— Совсем чуть-чуть потерпи, и сбежим?
Столько надежды в голосе, и сам даже верит в то, что сейчас говорит. Зачем-то все время теребит эту дурацкую красную куртку. Что за уебищность, боже?
— Ты зачем эту херню за собою таскаешь? Гардероб не работает? Или ты заболел и знобит?
Последнее предположение кажется тревожно-правдоподобным, иначе откуда такая восковая бледность, испарина, лихорадочный блеск и зрачки… Впрочем, зрачки у него всегда ненормально-огромные, когда Хенке расстроен.
— Нормальная куртка, — буркнет обиженно и даже попробует отвернуться, но не получится. Потому что у Хенке вообще это получается плохо — не смотреть на Тарьей, не пялиться, не залипать откровенно, плюя на все и на всех.

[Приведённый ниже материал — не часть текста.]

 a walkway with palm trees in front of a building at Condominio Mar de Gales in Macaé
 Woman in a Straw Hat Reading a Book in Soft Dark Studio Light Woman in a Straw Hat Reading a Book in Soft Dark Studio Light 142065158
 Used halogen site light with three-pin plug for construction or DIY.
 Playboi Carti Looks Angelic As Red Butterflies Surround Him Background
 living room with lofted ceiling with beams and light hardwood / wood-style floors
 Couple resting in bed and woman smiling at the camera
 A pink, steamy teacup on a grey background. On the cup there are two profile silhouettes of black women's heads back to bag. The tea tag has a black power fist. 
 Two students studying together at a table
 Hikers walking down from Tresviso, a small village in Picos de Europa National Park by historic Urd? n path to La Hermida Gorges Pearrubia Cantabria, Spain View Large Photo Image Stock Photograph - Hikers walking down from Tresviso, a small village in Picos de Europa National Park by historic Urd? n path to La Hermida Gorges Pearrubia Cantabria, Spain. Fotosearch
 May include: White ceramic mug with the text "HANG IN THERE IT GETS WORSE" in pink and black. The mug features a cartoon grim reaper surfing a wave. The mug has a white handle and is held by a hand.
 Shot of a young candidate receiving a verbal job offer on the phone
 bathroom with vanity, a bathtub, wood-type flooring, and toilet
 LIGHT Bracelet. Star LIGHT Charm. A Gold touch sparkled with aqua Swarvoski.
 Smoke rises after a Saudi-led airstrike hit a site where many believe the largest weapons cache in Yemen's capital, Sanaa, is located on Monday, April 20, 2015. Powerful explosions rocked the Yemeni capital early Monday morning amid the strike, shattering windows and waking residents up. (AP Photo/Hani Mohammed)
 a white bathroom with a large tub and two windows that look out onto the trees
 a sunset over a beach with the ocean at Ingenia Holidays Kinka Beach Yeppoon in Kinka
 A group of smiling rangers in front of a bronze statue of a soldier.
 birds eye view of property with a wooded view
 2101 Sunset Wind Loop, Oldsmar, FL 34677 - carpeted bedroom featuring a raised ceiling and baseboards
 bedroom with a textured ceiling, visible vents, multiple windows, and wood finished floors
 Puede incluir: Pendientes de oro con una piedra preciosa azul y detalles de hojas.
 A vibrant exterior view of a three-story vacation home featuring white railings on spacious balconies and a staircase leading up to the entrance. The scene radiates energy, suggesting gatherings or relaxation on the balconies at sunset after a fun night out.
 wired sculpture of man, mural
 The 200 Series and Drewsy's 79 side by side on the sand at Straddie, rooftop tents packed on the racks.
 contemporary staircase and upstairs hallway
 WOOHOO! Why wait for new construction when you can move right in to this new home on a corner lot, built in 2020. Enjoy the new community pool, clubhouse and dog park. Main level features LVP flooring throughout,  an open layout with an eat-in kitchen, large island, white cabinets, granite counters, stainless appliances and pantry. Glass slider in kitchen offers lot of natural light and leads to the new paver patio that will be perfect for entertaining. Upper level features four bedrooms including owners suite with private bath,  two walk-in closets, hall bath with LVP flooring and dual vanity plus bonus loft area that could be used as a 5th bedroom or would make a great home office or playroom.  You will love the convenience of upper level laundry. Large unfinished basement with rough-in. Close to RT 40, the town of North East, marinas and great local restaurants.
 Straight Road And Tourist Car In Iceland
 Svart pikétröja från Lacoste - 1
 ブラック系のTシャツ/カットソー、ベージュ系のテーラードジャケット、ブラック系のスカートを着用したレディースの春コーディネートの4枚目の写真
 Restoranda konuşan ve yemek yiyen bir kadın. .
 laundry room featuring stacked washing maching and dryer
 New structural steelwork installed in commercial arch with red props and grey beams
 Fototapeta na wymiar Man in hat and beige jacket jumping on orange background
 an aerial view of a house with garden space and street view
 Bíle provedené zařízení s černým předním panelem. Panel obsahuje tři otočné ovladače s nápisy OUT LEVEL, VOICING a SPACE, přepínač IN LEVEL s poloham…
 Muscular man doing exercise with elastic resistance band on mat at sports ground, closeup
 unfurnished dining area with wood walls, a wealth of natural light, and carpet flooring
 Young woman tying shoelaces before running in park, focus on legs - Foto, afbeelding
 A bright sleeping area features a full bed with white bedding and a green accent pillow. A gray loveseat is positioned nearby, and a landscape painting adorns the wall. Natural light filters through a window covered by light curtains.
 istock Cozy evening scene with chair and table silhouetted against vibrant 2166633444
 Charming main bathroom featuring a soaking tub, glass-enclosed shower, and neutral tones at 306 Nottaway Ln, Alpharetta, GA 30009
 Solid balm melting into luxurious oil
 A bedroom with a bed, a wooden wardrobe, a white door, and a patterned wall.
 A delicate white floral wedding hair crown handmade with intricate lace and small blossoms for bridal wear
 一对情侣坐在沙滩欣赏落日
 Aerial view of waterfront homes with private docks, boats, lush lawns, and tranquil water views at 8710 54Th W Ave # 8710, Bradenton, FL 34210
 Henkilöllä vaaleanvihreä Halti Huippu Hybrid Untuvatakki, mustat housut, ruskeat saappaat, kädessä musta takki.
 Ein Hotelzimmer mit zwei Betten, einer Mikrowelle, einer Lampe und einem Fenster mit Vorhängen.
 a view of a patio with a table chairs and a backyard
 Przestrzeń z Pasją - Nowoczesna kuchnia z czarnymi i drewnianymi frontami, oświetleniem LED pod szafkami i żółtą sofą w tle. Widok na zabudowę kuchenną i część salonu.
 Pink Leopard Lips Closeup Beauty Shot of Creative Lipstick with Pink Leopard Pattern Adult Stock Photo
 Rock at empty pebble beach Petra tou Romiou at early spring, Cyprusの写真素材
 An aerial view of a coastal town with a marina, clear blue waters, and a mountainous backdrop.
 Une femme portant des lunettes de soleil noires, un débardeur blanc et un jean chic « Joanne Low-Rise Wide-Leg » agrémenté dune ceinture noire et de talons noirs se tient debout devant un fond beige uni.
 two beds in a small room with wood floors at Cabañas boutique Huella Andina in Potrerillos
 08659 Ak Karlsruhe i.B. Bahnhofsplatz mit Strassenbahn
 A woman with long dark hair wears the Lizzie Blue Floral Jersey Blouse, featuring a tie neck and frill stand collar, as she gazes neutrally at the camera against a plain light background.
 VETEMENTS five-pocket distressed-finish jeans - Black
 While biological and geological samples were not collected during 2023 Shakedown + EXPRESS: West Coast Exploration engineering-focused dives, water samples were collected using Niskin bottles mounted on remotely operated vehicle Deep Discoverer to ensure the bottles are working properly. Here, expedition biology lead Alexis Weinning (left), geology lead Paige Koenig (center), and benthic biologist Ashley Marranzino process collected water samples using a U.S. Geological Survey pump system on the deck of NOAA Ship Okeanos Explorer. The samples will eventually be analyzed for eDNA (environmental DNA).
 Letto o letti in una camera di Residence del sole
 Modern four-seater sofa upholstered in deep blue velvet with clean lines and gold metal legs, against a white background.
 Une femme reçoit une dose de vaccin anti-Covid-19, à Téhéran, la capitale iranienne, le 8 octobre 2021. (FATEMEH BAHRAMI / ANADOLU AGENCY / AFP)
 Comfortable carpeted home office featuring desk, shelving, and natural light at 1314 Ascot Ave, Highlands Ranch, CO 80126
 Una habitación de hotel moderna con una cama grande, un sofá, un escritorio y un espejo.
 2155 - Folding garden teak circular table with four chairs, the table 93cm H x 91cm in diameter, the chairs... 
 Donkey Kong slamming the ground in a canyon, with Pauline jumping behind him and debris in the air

Просто никого из них, посторонних, не остается в их персональной Вселенной, если рядом… просто вместе, и не нужен больше никто.
— Хенке, ну это пиздец. Над тобой же ржать будут.
Дернет плечом, пряча обиду. Его мальчик всегда до грубости прямолинеен. Это еще одно, за что он, Хенрик, его любит. Ведь так?
— Зато на что-то, может, внимания не обратят…
Не обратят? Тарьей просто закатывает глаза, стараясь не застонать вслух и не хлопнуть себя по лбу. Хенке ведь совсем не понимает, что умудряется палиться, даже находясь на другом конце помещения, даже, блять, в его сторону не смотря. Он палится круглосуточно. Будто выбрал целью всей жизни — довести их безумных поклонников до массового инфаркта и похерить легенду, которую придумали вместе вообще-то. Ну, как вместе… Идея принадлежала создателям “Скам”, а они тогда даже не заподозрили, каким, сука, сложным все может стать очень быстро.
— Я не буду давать интервью, просто исчезну и подожду наверху. Ты же можешь хоть раз держать язык за зубами и не ляпнуть Мортену чего-то?..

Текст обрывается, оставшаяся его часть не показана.